This column on issues confronting renters and landlords is written by Counselor of Real Estate and Certified Property Manager Robert Griswold, host of Real Estate Today! with Robert Griswold (10 a.m. Saturdays on AM1130 - KSDO radio, or on the Internet at, and by attorneys Steven R. Kellman, director of the Tenants' Legal Center, and Ted Smith, principal in a law firm representing landlords.

QUESTION: I recently renewed my lease for an additional year and I noticed a lease termination clause that states that if I break the lease prematurely I have to pay $1,000. I am concerned since a job transfer or another move out of necessity never seems to coincide with the expiration of the lease.

Whatever happened to a 30-day notice? The lease seems to be totally in favor of the landlord. Isn't the $1,000 fee just another way for greedy landlords to gouge tenants in addition to raising my rent every year? What are the advantages and disadvantages of a lease? Isn't the $1,000 lease termination fee a rip off?

ANSWER: Griswold: There are benefits and drawbacks to using a lease that many tenants and some landlords do not fully appreciate. In most rental markets, landlords offer tenants a choice of a lease or a month-to-month rental agreement. A lease is usually offered to tenants at a lower rent than a month-to-month rental agreement since tenants are committing to a longer tenancy. The longer a tenant stays the lower the cost of operating the rental property to the landlord.

The excessive turnover of tenants is very expensive for landlords not only in dollar and cents costs but also the physical wear and tear on the property plus the diminished reputation of the rental property in the community.

Naturally tenants like having a lease since the landlord cannot change the terms or increase the rent during the lease term.

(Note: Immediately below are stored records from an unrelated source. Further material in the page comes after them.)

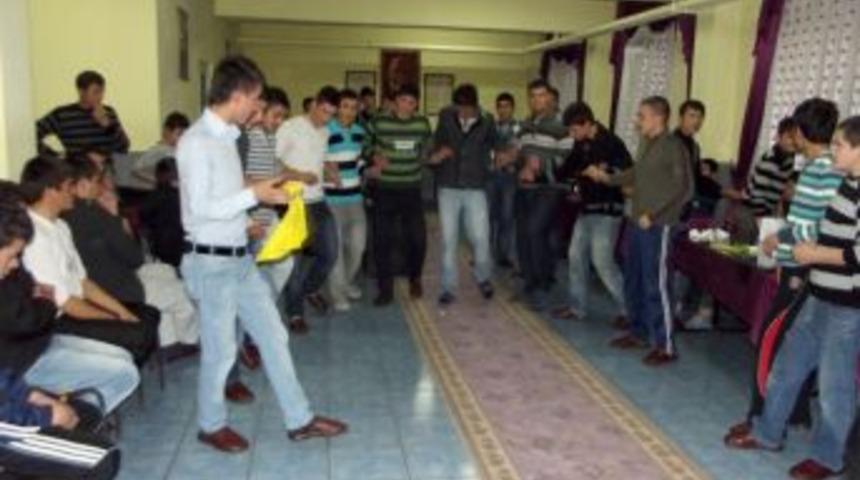 End&uuml;stri Meslek Lisesi &ouml;ğrencileri halaylarla tatile girdi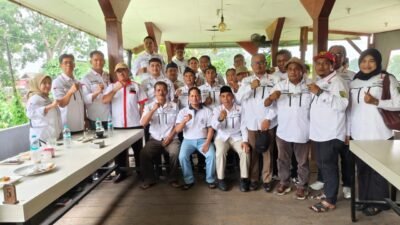 PERTAMA KALI SEJAK JABAT PLT BUPATI, H. MUKHLISIN TERIMA AUDIENSI 11 ETNIS FPK KUANSING: SEPAKAT JAGA PERSATUAN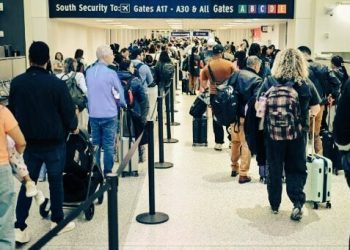 Desde este lunes, agentes de ICE estarán en principales aeropuertos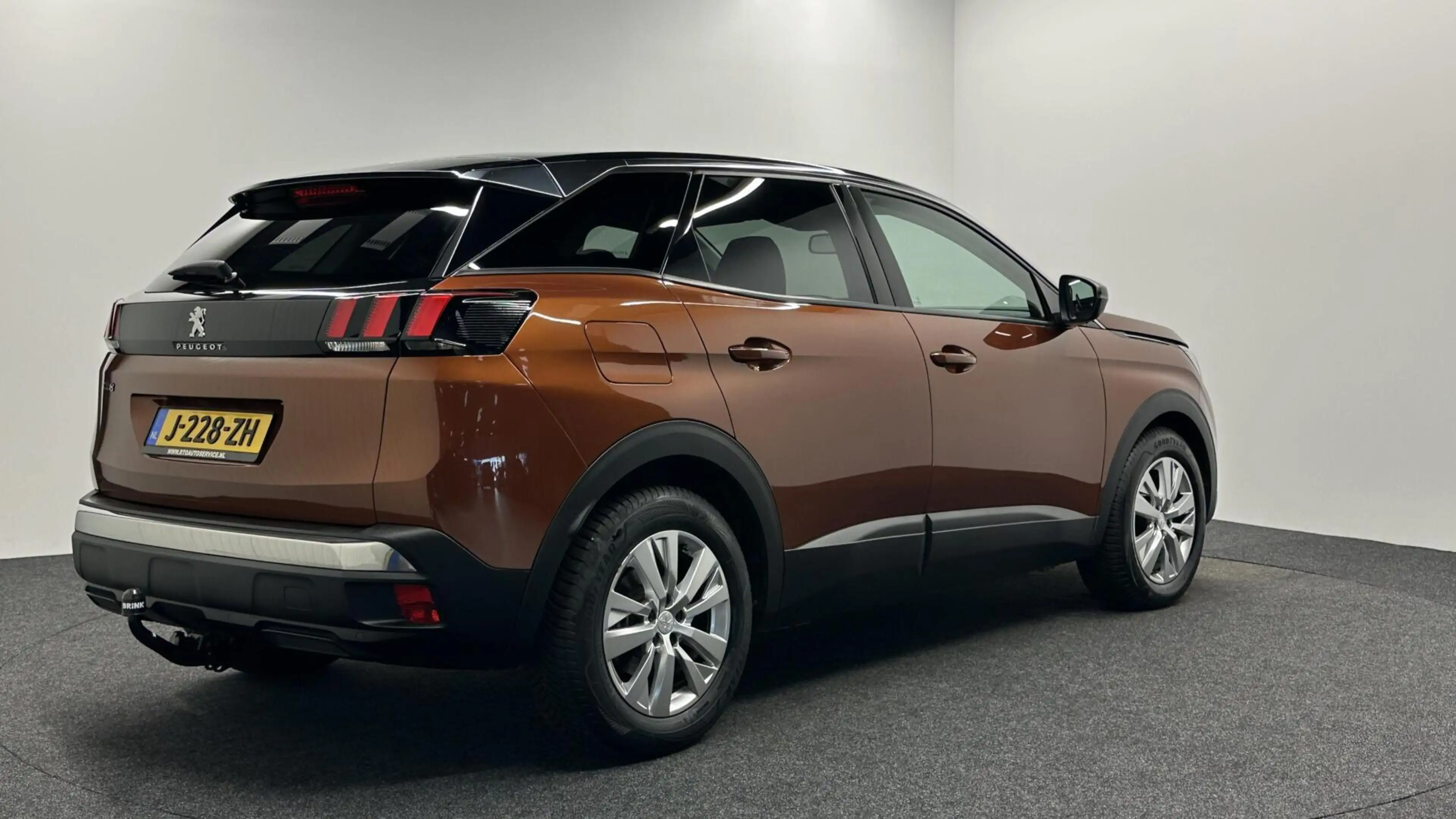Peugeot 3008 1.2 PureTech Blue lease Executive Avantage NAVI CA — photo 4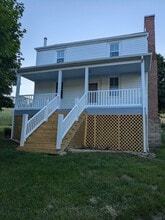 Building Photo - 613 Union Run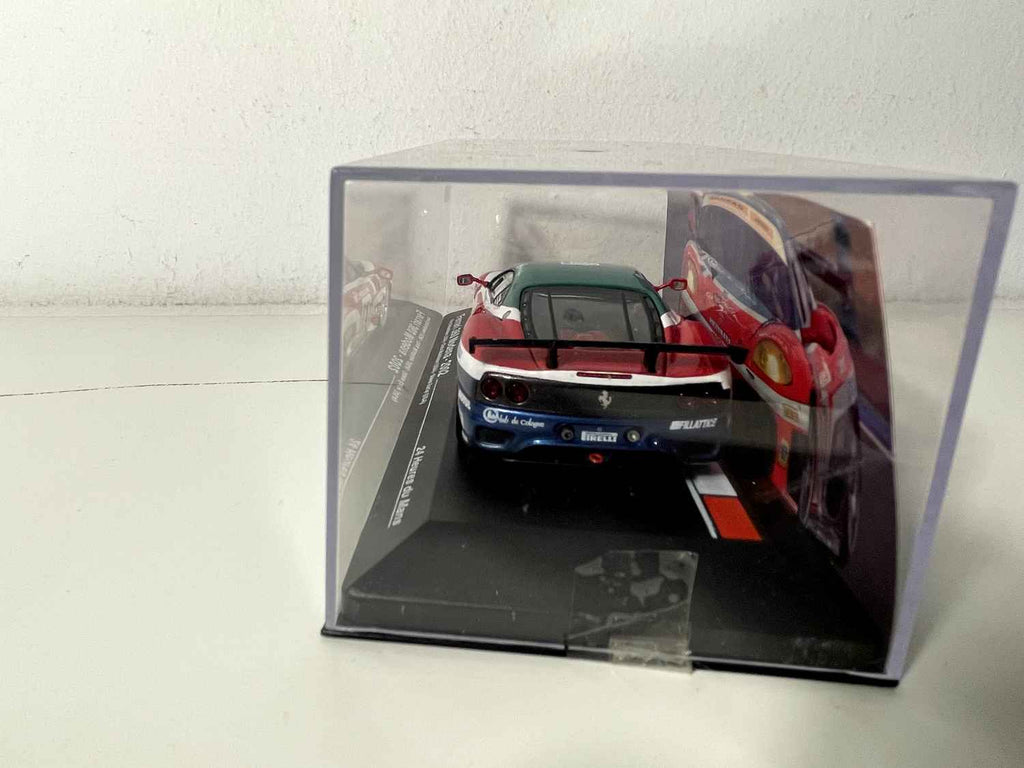 Ferrari 360 Modena rouge, bleue et verte numéro 71  - 24 heures du Mans de 2002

This has been very beneficial for tenants who have seen rents escalate significantly in the last few years. It also has given some protection to tenants that have seen landlords eliminate the acceptance of pets in an attempt to upgrade their tenant profile as they take advantage of the strong landlord's rental market.

Also, tenants with leases have been protected from a variety of other potentially unpleasant changes in terms that could occur if their rental property changed ownership. The downside of a lease is that the tenant is committing to stay for a minimum period of time even if it is inconvenient. A job transfer, relationship or roommate problems, an opportunity to purchase a home, or even just a better rental opportunity are not legal reasons to unilaterally break or terminate a lease.

Of course, under California law, a tenant can break the lease but is responsible for the balance of the lease term or until the landlord is able to rerent the property. In your case, the landlord offers a liquidated damages clause that effectively gives you a lease with the benefits of a month-to-month rental agreement. You can give a 30-day notice for any reason or no reason and cancel the balance of the lease at your sole discretion. The only requirement is you need to pay the lease termination fee of $1,000.

The landlord is then taking on the additional costs and associated risk of remarketing and rerenting the rental unit.

An advantage is that you are not taking the risk that you will still owe rent for the entire duration of the remaining lease term. Of course, your landlord must also account for and use your security deposit in accordance with the law.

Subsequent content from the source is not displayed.